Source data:
Content starts

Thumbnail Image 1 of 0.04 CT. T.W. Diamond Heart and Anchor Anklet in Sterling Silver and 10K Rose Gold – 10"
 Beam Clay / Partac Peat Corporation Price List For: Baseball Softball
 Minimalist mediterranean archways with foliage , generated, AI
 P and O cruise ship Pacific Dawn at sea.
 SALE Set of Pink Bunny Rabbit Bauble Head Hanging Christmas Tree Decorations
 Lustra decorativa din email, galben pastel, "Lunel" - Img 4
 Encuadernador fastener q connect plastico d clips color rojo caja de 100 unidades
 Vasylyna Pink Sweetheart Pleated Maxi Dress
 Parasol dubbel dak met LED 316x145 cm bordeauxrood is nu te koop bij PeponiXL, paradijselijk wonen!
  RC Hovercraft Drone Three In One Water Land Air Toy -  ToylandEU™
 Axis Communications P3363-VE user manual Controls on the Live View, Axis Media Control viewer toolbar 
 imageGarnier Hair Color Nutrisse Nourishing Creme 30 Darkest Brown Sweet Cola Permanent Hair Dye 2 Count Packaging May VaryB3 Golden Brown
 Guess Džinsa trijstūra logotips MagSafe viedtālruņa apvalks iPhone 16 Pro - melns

Content ends

Your answer must be the records above, repeated exactly.

Thumbnail Image 1 of 0.04 CT. T.W. Diamond Heart and Anchor Anklet in Sterling Silver and 10K Rose Gold – 10"
 Beam Clay / Partac Peat Corporation Price List For: Baseball Softball
 Minimalist mediterranean archways with foliage , generated, AI
 P and O cruise ship Pacific Dawn at sea.
 SALE Set of Pink Bunny Rabbit Bauble Head Hanging Christmas Tree Decorations
 Lustra decorativa din email, galben pastel, "Lunel" - Img 4
 Encuadernador fastener q connect plastico d clips color rojo caja de 100 unidades
 Vasylyna Pink Sweetheart Pleated Maxi Dress
 Parasol dubbel dak met LED 316x145 cm bordeauxrood is nu te koop bij PeponiXL, paradijselijk wonen!
  RC Hovercraft Drone Three In One Water Land Air Toy -  ToylandEU™
 Axis Communications P3363-VE user manual Controls on the Live View, Axis Media Control viewer toolbar 
 imageGarnier Hair Color Nutrisse Nourishing Creme 30 Darkest Brown Sweet Cola Permanent Hair Dye 2 Count Packaging May VaryB3 Golden Brown
 Guess Džinsa trijstūra logotips MagSafe viedtālruņa apvalks iPhone 16 Pro - melns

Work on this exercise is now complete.